Benny Martin
Benny Edward Martin was born in Sparta, Tennessee on May 8, 1928. Born to a musical family, he began performing fiddle in his family’s band The Martin Family at the young age of 9.
In 1948, when Martin was only 20, Bill Monroe asked him to join the Bluegrass Boys, a major incubator for bluegrass talents of the era. From there he played with legends Don Reno, Lester Flatt, and Earl Scruggs before embarking on a solo career and taking residence at The Grand Ole Opry. Throughout the 70s he frequently worked with John Hartford who was a major supporter of Martin at the time and who appears on the 1979 CMH album Big Daddy Of The Fiddle & Bow.
Over the course of his career he appeared on over 150 albums and released over a dozen of his own.
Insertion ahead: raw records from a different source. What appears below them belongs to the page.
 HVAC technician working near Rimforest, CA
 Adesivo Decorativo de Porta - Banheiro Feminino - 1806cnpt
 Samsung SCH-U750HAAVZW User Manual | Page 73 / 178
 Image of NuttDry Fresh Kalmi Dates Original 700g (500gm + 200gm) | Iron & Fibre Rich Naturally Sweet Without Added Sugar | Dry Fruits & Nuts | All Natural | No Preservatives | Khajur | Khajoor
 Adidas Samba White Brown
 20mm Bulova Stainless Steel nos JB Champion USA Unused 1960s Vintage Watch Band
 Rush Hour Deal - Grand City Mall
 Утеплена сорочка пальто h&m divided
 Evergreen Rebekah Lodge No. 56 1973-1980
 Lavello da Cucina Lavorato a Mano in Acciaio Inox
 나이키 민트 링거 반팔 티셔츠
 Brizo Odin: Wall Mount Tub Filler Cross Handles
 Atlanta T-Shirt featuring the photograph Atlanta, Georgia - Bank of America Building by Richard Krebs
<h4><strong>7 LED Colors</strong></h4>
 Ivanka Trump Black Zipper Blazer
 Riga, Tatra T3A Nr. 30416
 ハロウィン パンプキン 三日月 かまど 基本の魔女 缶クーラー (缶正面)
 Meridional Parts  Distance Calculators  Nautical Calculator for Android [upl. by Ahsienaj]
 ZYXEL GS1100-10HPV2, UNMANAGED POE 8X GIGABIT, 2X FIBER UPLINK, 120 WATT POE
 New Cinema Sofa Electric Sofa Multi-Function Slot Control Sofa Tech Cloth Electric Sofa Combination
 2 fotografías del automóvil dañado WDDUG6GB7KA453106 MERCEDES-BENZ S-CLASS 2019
CMH is proud home to four of those albums including The Fiddle Collection (1976), Turkey In The Grass (1977), Big Daddy Of The Fiddle & Bow (1979), and The Great American Fiddle Collection (1980). Each album showcases his unique talents as a fiddler while Turkey In The Grass uniquely gave a glimpse at his distinctive voice and knack for showmanship as an entertainer.
He is credited for inventing the eight-string fiddle and is known for his unique approach to soloing which featured heavy bow pressure, percussive syncopation, generous slides between notes, and frequent double-stops (playing multiple notes at once), all creating a loud, bombastic approach to the instrument.
Benny Martin passed in 2001 and was posthumously inducted into the International Bluegrass Music Museum’s Hall of Fame in 2005.